Kim’s saber-rattling looks like a prolonged childish tantrum

In this March 13 photo, taken during a tank competition between different units, Kim Jong-un looks at the camera, not in the direction the tank is moving. Image/ Rodong Sinmun

With Kim Jong-un now walking a path of military escalation, defense experts in South Korea and the United States are assessing the impact on their security. Kim’s frequent inspections of North Korean military facilities and defense industry sites – 11 times this year alone, according to my count from the Rodong Sinmun – suggest an effort to sustain an atmosphere of tension on the peninsula.

As we watch this more closely, however, we find themselves shifting to the assumption that, rather than directly jeopardizing security, Kim’s actions represent a form of “provocative agitation.” Its main aim is not to threaten the outside, but to appease sentiment within North Korea and entice economic assistance.

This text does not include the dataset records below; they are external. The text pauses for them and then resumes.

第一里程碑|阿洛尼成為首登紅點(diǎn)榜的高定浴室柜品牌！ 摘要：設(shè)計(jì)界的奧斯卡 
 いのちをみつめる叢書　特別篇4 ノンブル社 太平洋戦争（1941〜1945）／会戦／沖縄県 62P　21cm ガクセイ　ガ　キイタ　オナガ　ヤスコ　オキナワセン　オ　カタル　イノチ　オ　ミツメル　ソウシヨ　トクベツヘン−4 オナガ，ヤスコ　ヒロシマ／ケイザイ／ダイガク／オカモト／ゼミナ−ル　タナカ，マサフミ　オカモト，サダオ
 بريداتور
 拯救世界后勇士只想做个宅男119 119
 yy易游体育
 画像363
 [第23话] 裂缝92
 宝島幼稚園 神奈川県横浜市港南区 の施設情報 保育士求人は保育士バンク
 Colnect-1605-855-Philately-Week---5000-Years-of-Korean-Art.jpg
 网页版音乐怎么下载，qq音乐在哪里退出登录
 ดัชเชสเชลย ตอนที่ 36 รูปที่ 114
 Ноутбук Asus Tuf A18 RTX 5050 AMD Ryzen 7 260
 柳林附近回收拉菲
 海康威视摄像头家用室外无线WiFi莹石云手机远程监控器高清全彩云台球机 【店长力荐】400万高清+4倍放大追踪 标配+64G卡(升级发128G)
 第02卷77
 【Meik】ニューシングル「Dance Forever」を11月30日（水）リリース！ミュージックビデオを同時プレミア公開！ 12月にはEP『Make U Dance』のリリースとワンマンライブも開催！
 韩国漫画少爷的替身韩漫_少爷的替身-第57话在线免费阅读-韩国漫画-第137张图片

To make that point, we should review the recent history of Kim’s rule. 

In 2017, when then-US President Donald Trump vowed to “destroy” North Korea and pushed through tough UN sanctions, Kim sought a route to South Korea. This led to a summit with the South’s Moon Jae-in, who mistakenly believed Kim was willing to denuclearize.

Kim fueled Moon’s mistaken belief by inviting him to Pyongyang. There, in a speech at the May Day Stadium before 100,000 people, Moon declared, “There will be no more war on the Korean peninsula. A new era of peace has opened. Let us pledge to transform our beautiful land from Baekdu to Halla into a permanent foundation of peace without nuclear weapons and nuclear threats, to be inherited by future generations.” 

Kim’s justification for any military build-up evaporated into thin air that day. Though not officially confirmed or reported, North Koreans most likely believed the South Koreans were providing assistance. 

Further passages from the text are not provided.